• _What needs to be done_: Starting with the line that includes "394 Whitetail Way, Deerfield, WI", write out every remaining line of the records below exactly as it appears, leaving out any images.

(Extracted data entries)
********************
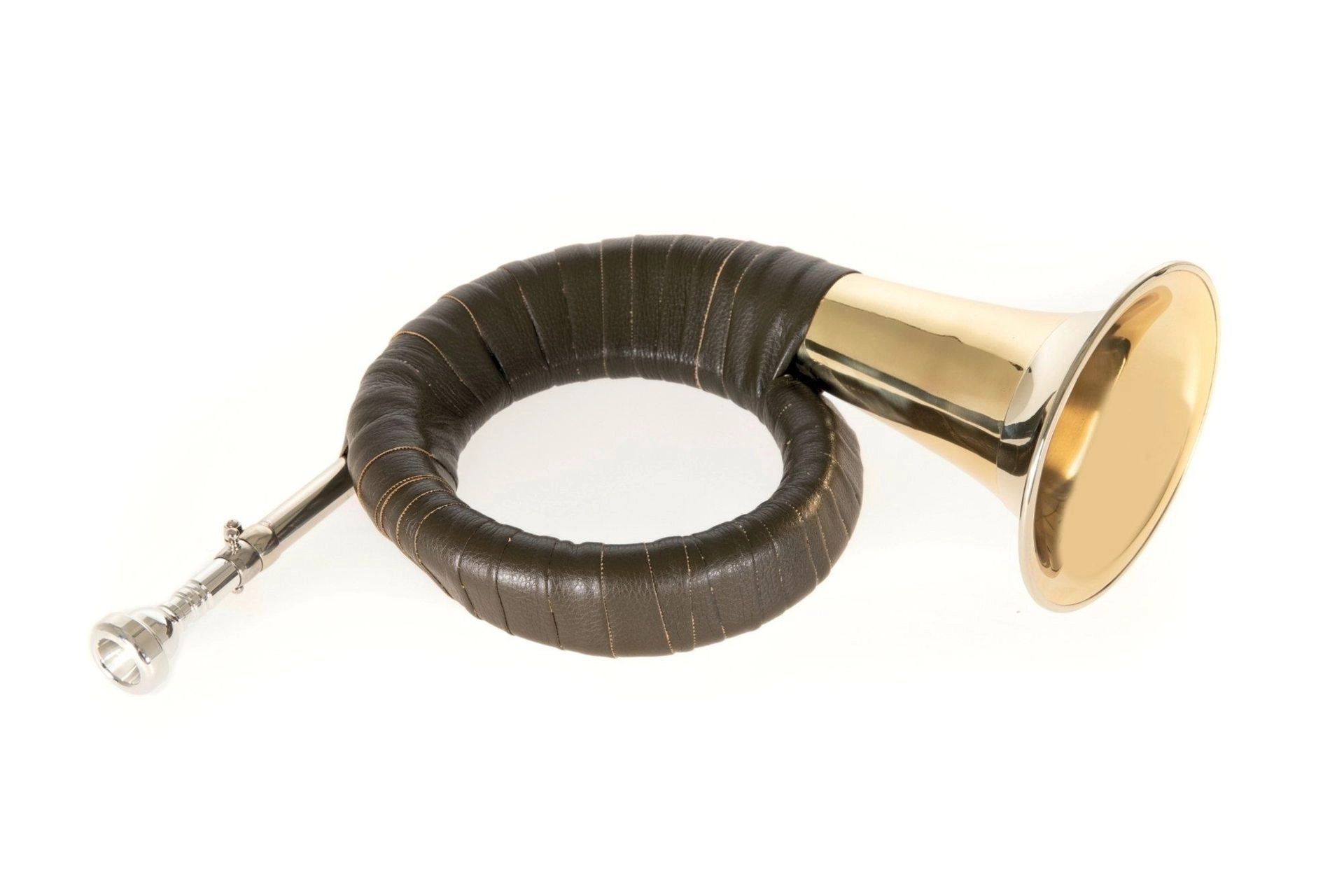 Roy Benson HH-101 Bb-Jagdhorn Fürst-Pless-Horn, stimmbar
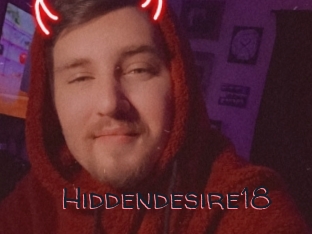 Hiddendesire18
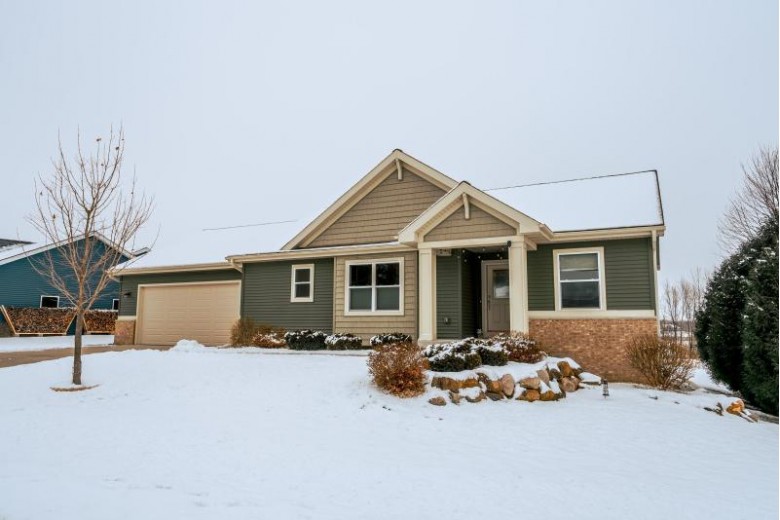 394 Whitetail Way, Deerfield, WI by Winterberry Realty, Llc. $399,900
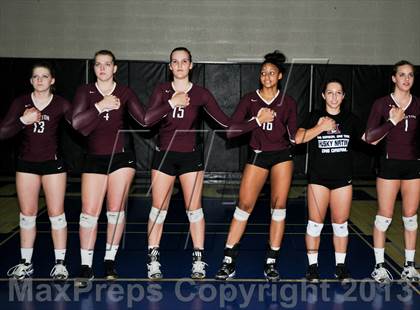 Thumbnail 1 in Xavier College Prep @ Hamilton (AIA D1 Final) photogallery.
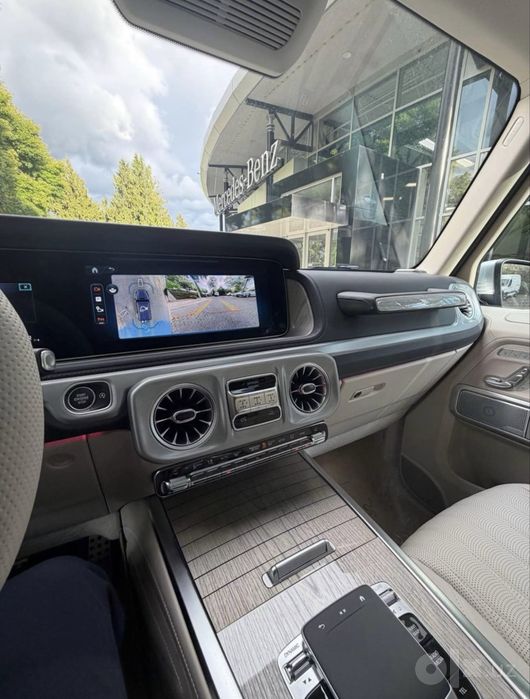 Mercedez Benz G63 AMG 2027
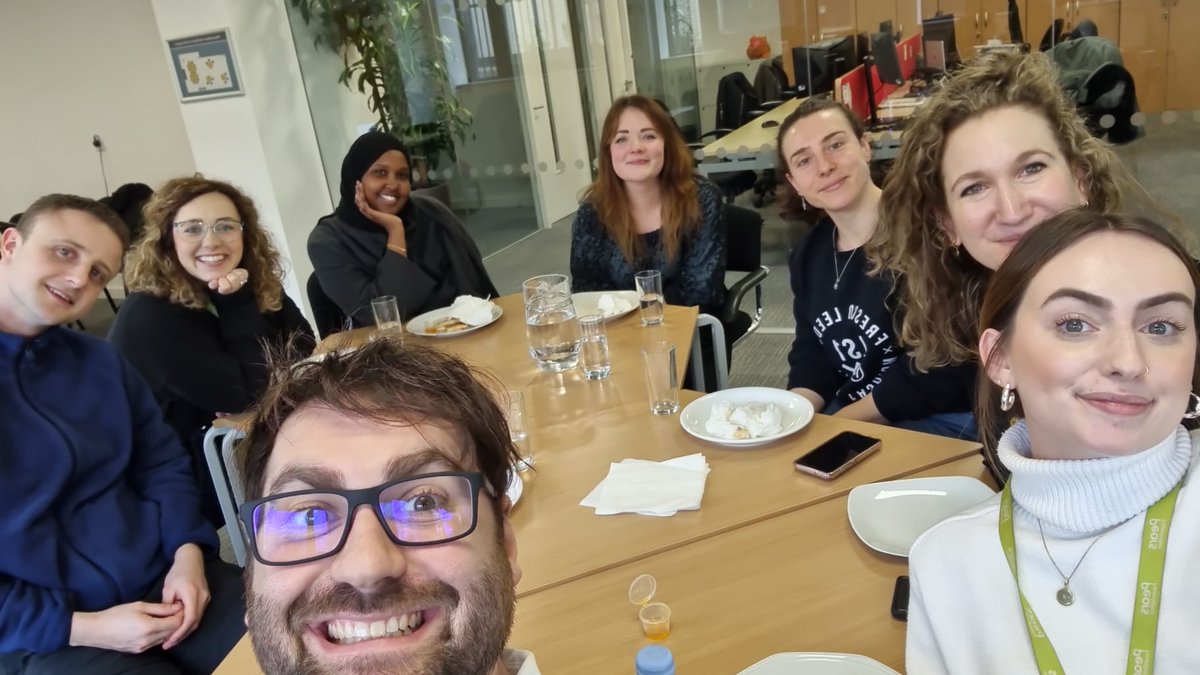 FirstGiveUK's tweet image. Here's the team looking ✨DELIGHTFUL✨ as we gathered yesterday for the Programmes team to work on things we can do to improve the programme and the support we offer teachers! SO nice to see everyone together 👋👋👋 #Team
********************
• _Exercise response_:
 394 Whitetail Way, Deerfield, WI by Winterberry Realty, Llc. $399,900
 Thumbnail 1 in Xavier College Prep @ Hamilton (AIA D1 Final) photogallery.
 Mercedez Benz G63 AMG 2027
 FirstGiveUK's tweet image. Here's the team looking ✨DELIGHTFUL✨ as we gathered yesterday for the Programmes team to work on things we can do to improve the programme and the support we offer teachers! SO nice to see everyone together 👋👋👋 #Team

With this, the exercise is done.